Thanks for your honest advice!


----------



## cousineddie (Oct 23, 2008)

*Ahhhhhhhhhhhhhhhhhhh!!!!!!!!*

It took me less time to decide when I bought my last car!!:madman:

Dude, make a decision already. This isn't life or death. It's a frickin' bike!:crazy:

Call me crazy but methinks both bikes are yours AND you're mining the forum for info to write a CL or Ebay ad.:skep:


----------



## IF52 (Jan 10, 2004)

stan4000bikes said:


> Call me crazy but methinks both bikes are yours AND you're mining the forum for info to write a CL or Ebay ad.:skep:


You mean kind of like that e-stay Haro that somebody was asking about the other week


----------



## mb2good (Jan 2, 2009)

stan4000bikes:

1)I was born a perfectionist and this makes me a fussy guy. I'm just the type of person who gets very serious about whetever he is shopping for-especially, things like cars, trucks, and MTB's! I've been told ever since I was a kid, that every toy that I buy shouldn't be "Life or death", But, although I know that this is true, I've never been able to change. It's just my nature to be like this.
2)I'll admit that I've made an obsession out of selecting one of the two bikes I'm serious about buying. To me, this is important-right or wrong and this is the reason that I was so excited to have joined this forum. I wanted to be able to not only learn anything new about the Ritchey Ascent Comp and the Paramount PDG MTB, I wanted to be able to discuss biking with some fellow enthusiasts-and to become a long term member of this forum. Now, my enthusiasm has dwindled because, instead of being accepted and welcomed into this forum, and treated with respect, I've been given the cold shoulder-since it seems that rhe members here. want to believe that I'm just a troller. Is every new member that happens to be serious natured, automatically labeled as a troller? What does it take to prove that this is false? Surely, I can't be the only member on this forum who is obsessed about MTB's?
3)If the two bikes were mine-then, I'd already be posting pictures of them on this forum-but, I do not own either of these bikes at this time. I was looking forward to doing this with great pride-but now, since I'm wondering whether I'll ever be accepted as a member in good standing here, this doesn't look promising? I'm certainly not mining this forum to gather information to place an Ad on Ebay or write an CL. My questions have only been to seek information to help me select either that Ritchey Ascent Comp or that PDG MTB and that's the whole ball of wax(so to speak)! If I'm not able to convince the members of this-then, I'll be unfairly forced to have to seek out another MTB forum? However, this is the best forum that I've seen anywhere on the web and I thought that I could be a proud member of this organization? Oh, if you think that I'm taking too long to make a decision about buying a bike-you should see me whenever I'm buying a car! My whole family goes crazy-but heck, that's just me! In fact, whenever I was in growing up, I was called "sure" Mike-since I was so fussy and meticulous about everything in life!


----------



## Fillet-brazed (Jan 13, 2004)

wow. That's all I got.


----------



## Shayne (Jan 14, 2004)

*Wow²*

I read through this whole thread twice and have yet to really find any questions asked.
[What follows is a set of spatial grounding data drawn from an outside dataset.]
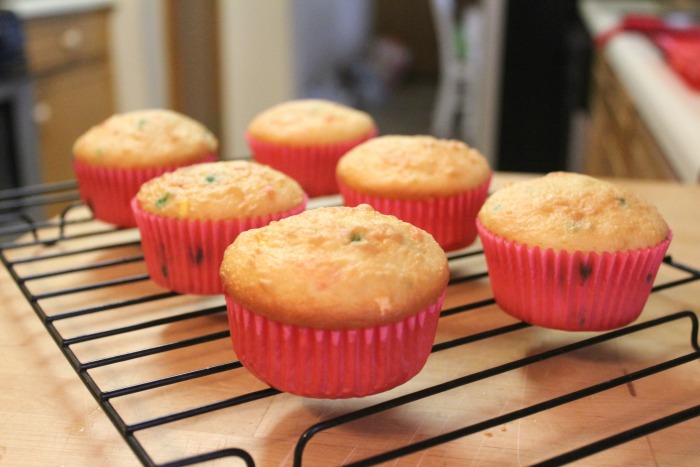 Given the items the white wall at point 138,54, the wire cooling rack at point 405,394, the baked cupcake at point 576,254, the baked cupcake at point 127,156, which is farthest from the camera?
the white wall at point 138,54

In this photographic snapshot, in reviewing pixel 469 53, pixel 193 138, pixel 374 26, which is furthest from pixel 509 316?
pixel 374 26

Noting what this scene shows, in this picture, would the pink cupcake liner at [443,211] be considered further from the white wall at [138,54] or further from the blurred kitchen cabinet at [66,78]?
the white wall at [138,54]

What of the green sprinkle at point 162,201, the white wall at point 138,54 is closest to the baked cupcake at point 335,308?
the green sprinkle at point 162,201

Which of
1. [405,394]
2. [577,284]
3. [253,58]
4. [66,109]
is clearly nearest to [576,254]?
[577,284]

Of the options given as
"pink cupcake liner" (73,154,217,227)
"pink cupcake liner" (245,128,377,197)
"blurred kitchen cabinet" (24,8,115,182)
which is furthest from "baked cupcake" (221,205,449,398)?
"blurred kitchen cabinet" (24,8,115,182)

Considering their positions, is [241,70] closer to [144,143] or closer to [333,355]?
[144,143]

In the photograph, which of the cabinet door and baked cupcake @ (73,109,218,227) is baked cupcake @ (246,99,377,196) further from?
the cabinet door

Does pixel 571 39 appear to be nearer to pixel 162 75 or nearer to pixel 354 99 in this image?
pixel 162 75

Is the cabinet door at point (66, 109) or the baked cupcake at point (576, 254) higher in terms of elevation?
the baked cupcake at point (576, 254) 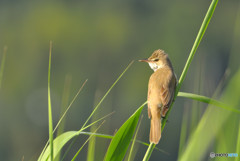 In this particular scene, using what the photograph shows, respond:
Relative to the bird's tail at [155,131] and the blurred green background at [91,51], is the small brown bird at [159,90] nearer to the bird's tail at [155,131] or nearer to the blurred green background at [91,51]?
the bird's tail at [155,131]

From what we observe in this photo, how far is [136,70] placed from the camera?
1463 inches

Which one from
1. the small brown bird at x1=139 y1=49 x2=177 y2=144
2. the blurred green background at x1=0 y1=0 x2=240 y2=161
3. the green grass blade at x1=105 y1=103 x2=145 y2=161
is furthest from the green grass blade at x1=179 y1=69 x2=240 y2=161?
the blurred green background at x1=0 y1=0 x2=240 y2=161

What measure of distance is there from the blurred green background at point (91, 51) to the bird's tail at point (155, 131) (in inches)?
917

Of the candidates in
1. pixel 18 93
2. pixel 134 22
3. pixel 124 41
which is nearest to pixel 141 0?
pixel 134 22

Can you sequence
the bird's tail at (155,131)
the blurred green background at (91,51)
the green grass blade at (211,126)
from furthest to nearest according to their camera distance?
the blurred green background at (91,51) → the bird's tail at (155,131) → the green grass blade at (211,126)

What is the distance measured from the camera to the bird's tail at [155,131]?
9.21 feet

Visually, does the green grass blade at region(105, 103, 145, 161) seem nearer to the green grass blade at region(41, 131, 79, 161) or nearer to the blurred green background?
the green grass blade at region(41, 131, 79, 161)

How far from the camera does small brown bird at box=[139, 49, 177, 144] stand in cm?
319

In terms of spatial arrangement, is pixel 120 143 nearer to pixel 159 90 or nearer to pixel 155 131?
pixel 155 131

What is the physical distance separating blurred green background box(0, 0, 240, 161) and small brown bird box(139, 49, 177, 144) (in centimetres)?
2286

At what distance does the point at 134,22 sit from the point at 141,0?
3.33 meters

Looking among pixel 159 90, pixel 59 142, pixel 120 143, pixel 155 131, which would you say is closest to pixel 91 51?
pixel 159 90

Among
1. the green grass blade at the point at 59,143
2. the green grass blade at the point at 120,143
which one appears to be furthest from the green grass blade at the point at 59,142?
the green grass blade at the point at 120,143

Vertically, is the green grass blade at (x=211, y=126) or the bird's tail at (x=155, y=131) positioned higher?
the green grass blade at (x=211, y=126) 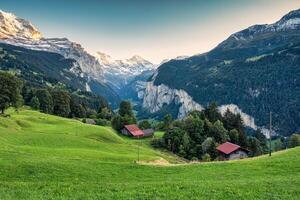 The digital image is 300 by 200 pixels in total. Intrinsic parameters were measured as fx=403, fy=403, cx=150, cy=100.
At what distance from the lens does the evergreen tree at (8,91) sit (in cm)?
11244

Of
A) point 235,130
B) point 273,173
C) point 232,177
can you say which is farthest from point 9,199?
point 235,130

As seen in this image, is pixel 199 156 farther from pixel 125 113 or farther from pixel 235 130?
pixel 125 113

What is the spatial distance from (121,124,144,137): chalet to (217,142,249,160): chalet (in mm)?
39261

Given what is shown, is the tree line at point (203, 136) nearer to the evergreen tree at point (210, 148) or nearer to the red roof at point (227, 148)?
the evergreen tree at point (210, 148)

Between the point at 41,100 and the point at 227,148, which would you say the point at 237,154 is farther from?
the point at 41,100

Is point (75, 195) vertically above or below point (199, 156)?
above

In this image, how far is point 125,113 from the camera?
600ft

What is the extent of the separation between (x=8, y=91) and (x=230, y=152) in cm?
7030

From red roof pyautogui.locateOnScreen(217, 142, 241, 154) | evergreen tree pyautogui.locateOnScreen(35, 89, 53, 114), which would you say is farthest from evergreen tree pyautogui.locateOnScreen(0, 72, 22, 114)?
red roof pyautogui.locateOnScreen(217, 142, 241, 154)

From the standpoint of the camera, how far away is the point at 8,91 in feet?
372

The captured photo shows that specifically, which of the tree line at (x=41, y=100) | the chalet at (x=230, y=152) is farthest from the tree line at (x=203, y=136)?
the tree line at (x=41, y=100)

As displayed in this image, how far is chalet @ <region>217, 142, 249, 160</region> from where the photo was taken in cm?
13029

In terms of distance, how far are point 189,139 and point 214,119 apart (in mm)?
26430

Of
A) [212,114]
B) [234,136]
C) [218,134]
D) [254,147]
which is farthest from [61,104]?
[254,147]
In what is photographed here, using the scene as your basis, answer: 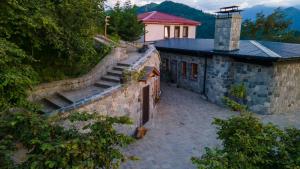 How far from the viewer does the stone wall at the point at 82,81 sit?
871 centimetres

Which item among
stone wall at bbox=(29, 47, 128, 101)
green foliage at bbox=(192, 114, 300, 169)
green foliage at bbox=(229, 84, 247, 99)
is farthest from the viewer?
green foliage at bbox=(229, 84, 247, 99)

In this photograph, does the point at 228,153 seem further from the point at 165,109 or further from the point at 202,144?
the point at 165,109

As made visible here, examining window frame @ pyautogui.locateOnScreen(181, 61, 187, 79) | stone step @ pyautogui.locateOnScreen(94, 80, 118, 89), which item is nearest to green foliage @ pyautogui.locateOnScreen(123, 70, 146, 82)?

What do you want to know about the Waterford? I see 'em all the time. Waterford is just down the road.


----------



## MrOrange (Jun 21, 2004)

" If I'm not able to convince the members of this-then, I'll be unfairly forced to have to seek out another MTB forum?"

Bye.  

No, honestly . . . Do some searches of this forum and you will see any discussion that has already happened on these two bikes.

That's about all there is. Be resourceful and decide for yourself. Just like voting for a president or finding a significant other. Only you know. Not us.


----------



## colker1 (Jan 6, 2004)

don't we all have too much time on our hands?


----------



## MrOrange (Jun 21, 2004)

*THREAD JACK*

Hey Shayne, gonna be at the swap?

I'm table 42.


----------



## nipsey (Apr 17, 2008)

http://www.waterfordbikes.com/board/viewtopic.php?t=451


----------



## mb2good (Jan 2, 2009)

Shayne:

Do you know anyone who owns an 1991 Waterford PDG MTB who would give me whatever overall experience he has had with this specific bike?

I know about the specifications of these bikes-since I'm familiar with Suntour XC PRO stuff. However, it would also be great if sombody who had also owned an Ritchey Ascent Comp, could report their experiences with both of these two bikes and comparing them in terms of their comfort, reliability, and overall owner satisfaction and/or problems?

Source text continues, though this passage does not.